Yes. Thanks for the question, Jeremy. I think we're thinking about it right now. And obviously, this is a little bit of a moving target with MISO, but we're thinking an announcement in the first part of next year. But like I said, that has the potential to shift as we've seen. And we're expecting kind of the next tranche or tranche 2 to be as big at lease as tranche 4, potentially bigger. And as we think about it, we'd expect a similar share as we received in tranche 1. So that's where our thoughts are today. But obviously, working with MISO and the stakeholders as we move through the process.
Got it. That's helpful. Last one for me. Just didn't know if you might be able to elaborate a little bit more on the hydrogen hub now that the applications are in, just any incremental thoughts you could share with us would be great.
It's Bob. Thanks for the question. We -- look, I think as we think about the future and the future of hydrogen, I think the country really needs as we think about decarbonization across the economy, why we need a clean molecule for some of those harder to decarbonize sectors and hydrogen appears to be the most versatile of the clean energy molecules that we've been looking at. Certainly, the Department of Energy supports that through the hydrogen hub programs and in the IIJA. So we're excited about the application process. We expect decisions by end of year, where then we would go into future proposals around the proceedings. So we have two, one in the Rocky Mountain region, one in the upper Midwest region, both are consortiums with our multiple states and both involve the goal of creating what I think about as an ecosystem of both producers and users of a clean molecule like hydrogen and whether that can then be converted into fertilizer for ag, process heat -- burning for process heat and from our perspective, blending into the distribution system and co-firing in our existing natural gas plants. So we're excited around the versatility that the molecule provides. We appreciate what Congress and DOE are doing, and we look forward to progressing our applications at the DOE this year.

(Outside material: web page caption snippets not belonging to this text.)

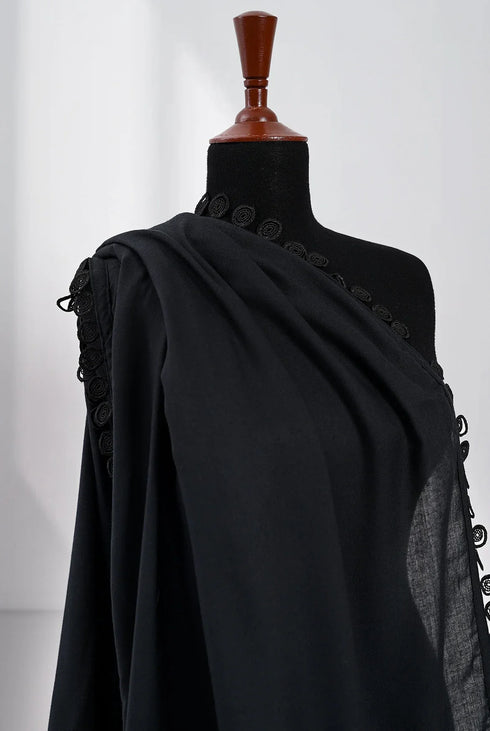 Mizaj Dyed Shawl MZJ-10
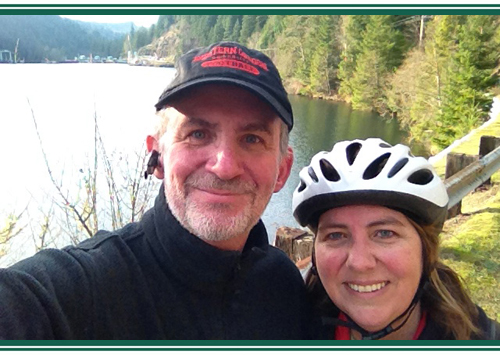 Mortgage Broker «Stonebridge Mortgage Group Inc.», reviews and photos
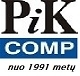 PIK-COMP, UAB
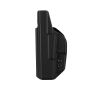 ATA Gear кобура модель Fantom ver.3 для Glock - 17 / 22 / 47 Black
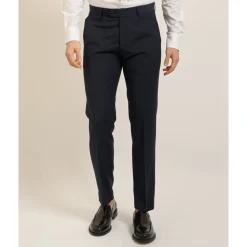 Picasso Tuxedo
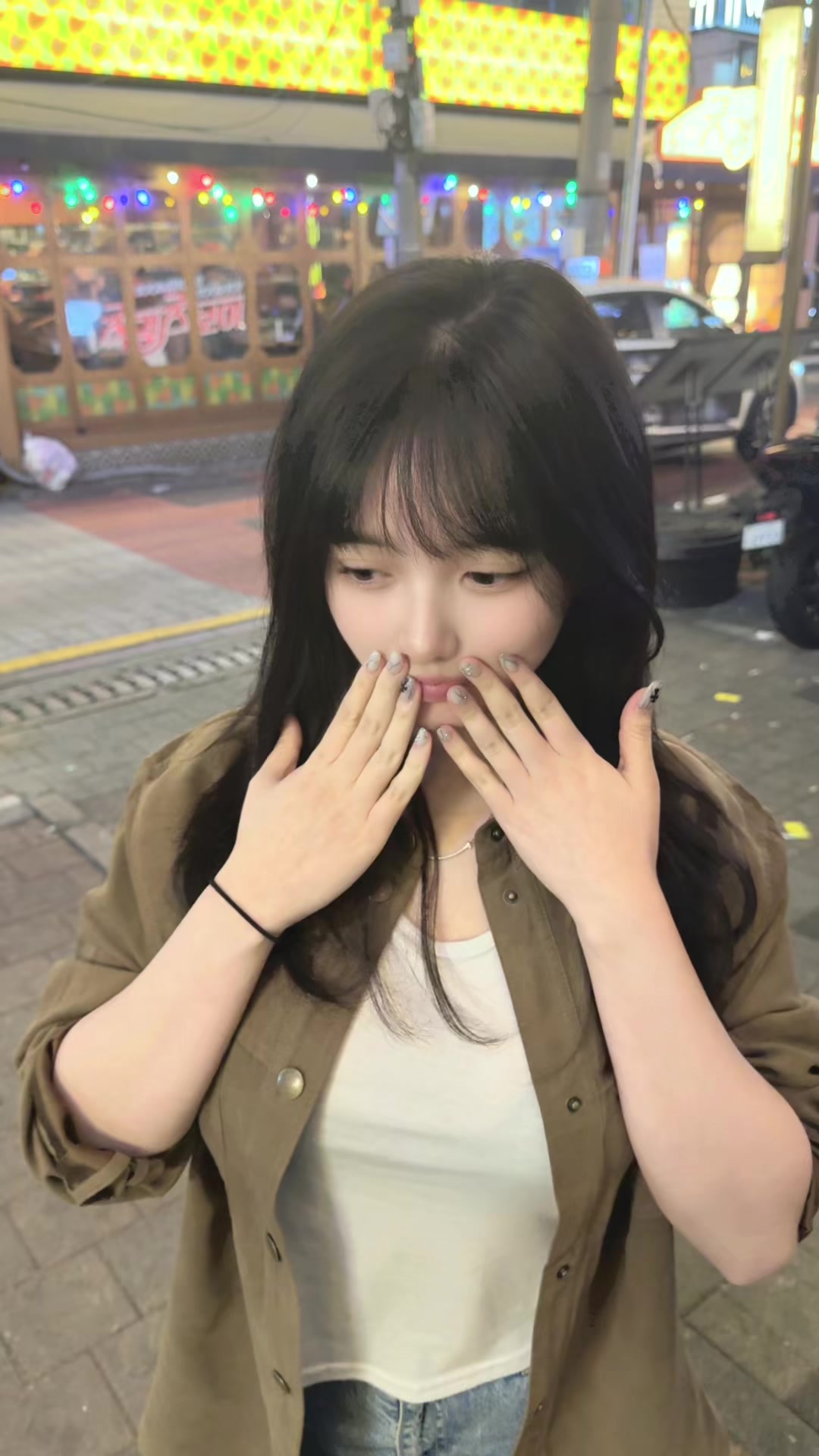 @๐ฆท์์ฃผ๐จ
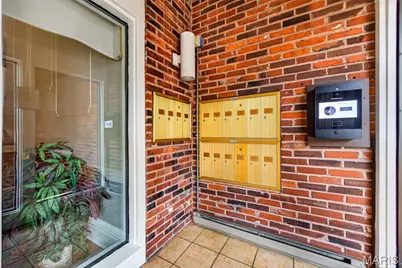 585 Coeur De Royale Drive #207, Creve Coeur, MO 63141 - Photo 22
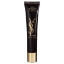Picture of Top Secrets Instant Moisture Glow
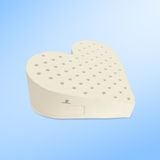 GỐI TIM SWEETHEART – GỢI CẢM HƠN, THĂNG HOA HƠN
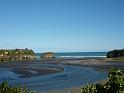 New_Zealand (75)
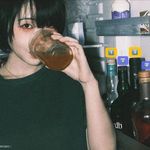 梦到祝夏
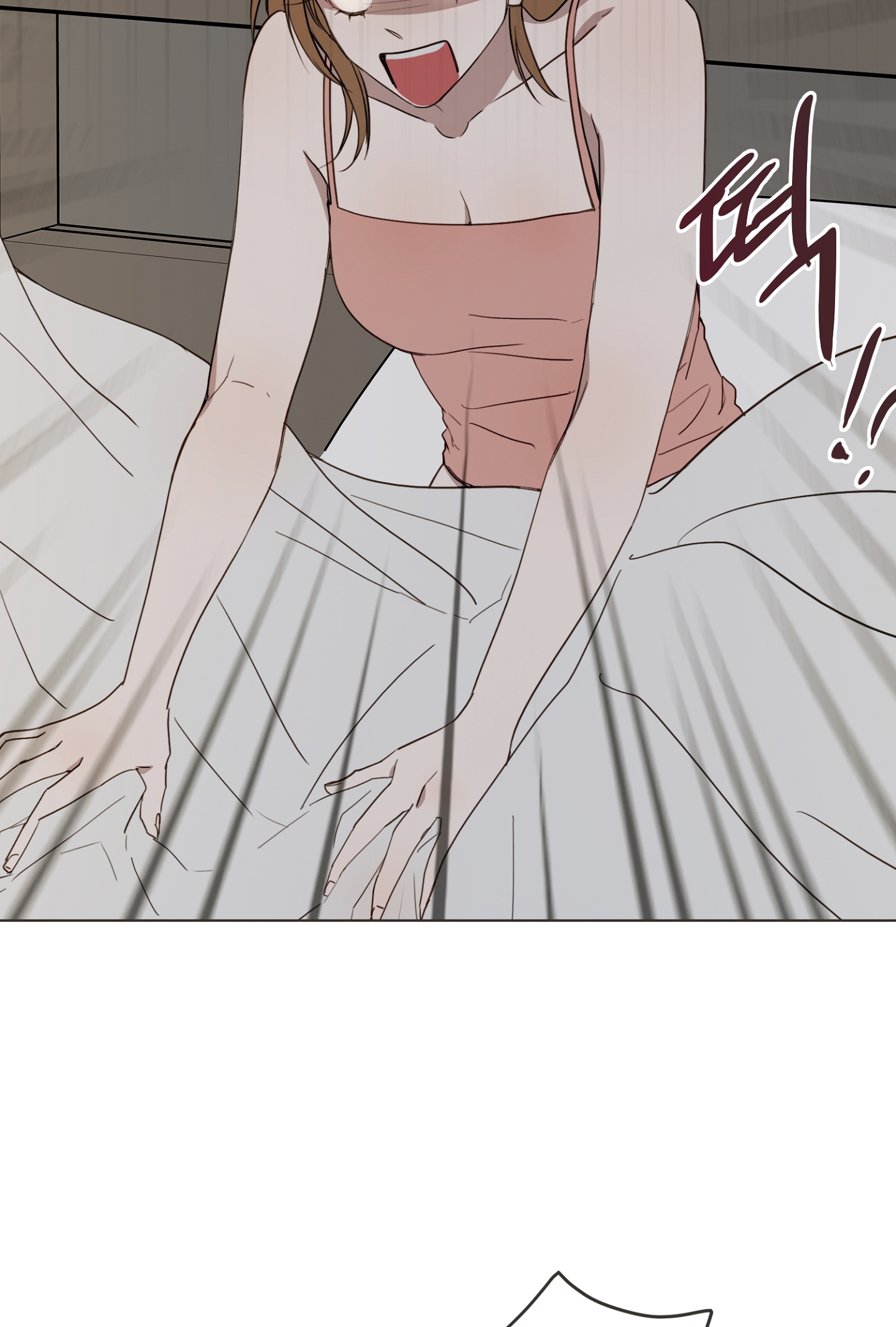 [18+] bạn bè cái quái gì chapter 6.2 20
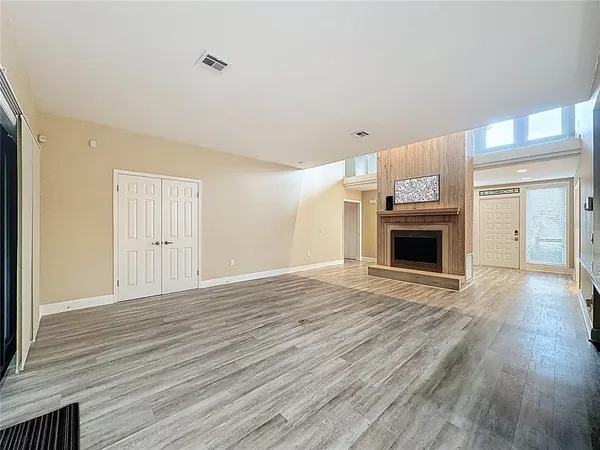 $3,000 | 6846 Lake View Drive, Yalaha, FL 34797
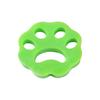 Remover Hair Pet Laundry Washing Machine Cat Dog Fur Catcher Zapper Reusable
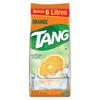 Picture of Tang Orange Flavoured Instant Drink Powder 500gm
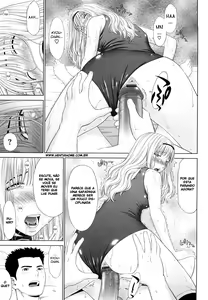 Page 162 of I Love! - preview thumbnail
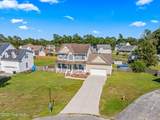 107 Daniel Court - Photo 107
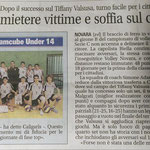 NOVARA OGGI 13 Marzo 2015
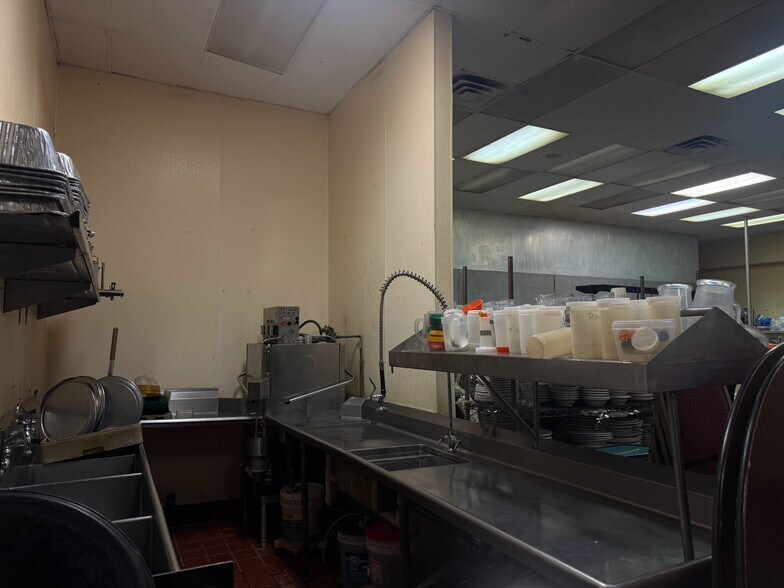 More Photos Of 9660 Dry Fork Rd, Harrison Theater Concert Hall For Sale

Yes. And I’ll just add a little bit of more color on the process. I think overall, there is about 80 concept papers that were submitted, and DOE encouraged 33 concept papers and all 3 of ours were encouraged. Ultimately, as Bob said, we’ve moved forward with 2 because 2 were in the Rocky Mountain region. But we feel good about our, call it, multi-application hydrogen hubs and multistate hubs. So looking forward to seeing this process play out and as Bob said, awards at the end of the year, and then it’s a stage process going forward after that.
We'll now take question from Sophie Karp calling from KeyBanc.
Just a quick follow-up on the RFP process. Could you remind us if you're also bidding into those? And what do you expect your win rates to be, if any?
Sophie. Yes, thanks for the follow-up question. We do -- so the way we see this playing out is we have absolutely submitted our own self-bid -- self-build projects in all 3 of the RFPs, Minnesota, Colorado and SPS. And those range from solar to wind and storage and combinations of each of those and depends on the RFP. Minnesota was only a solar RFP. But we've spent probably the last 18 to 24 months, working on our self-build projects. As we know, we have a massive renewable build-out over the next decade in our territories. So -- not only do we see potentially our own self-build projects being selected, we have a good partnership with Vestas in the Colorado with their Colorado facility. And so we have some geographical advantages with having wind turbine -- wind blades being manufactured there, and we have a lot of opportunities around. We're using the interconnection of our retiring coal plants. So we feel really good. Now, publicly, we talk about targeting 50% ownership. Obviously, we think we'll be very cost competitive and would love to demonstrate to our commissions that we could do more than 50% ownership because we think we have really good projects that will show a lot of benefit to our customers. And I think this is just -- as I think about this, let me give you a little view of longer-term. I really think this is a start of steel for fuel 2.0 as we think about it. And I don't think there are many utilities can do this clean energy transition at the price point that we can because of the solar and wind resources in our backyard. And we think that's a true competitive advantage over the longer term as being able to deliver 80% to 85% clean energy in 2030 at or below inflation. So we're excited to continue to work on these RFPs. And following these RFPs, we'll do multiple more RFPs in our jurisdictions. So I'm looking forward to giving you and everyone on this call and our stakeholders further updates as we work through the process.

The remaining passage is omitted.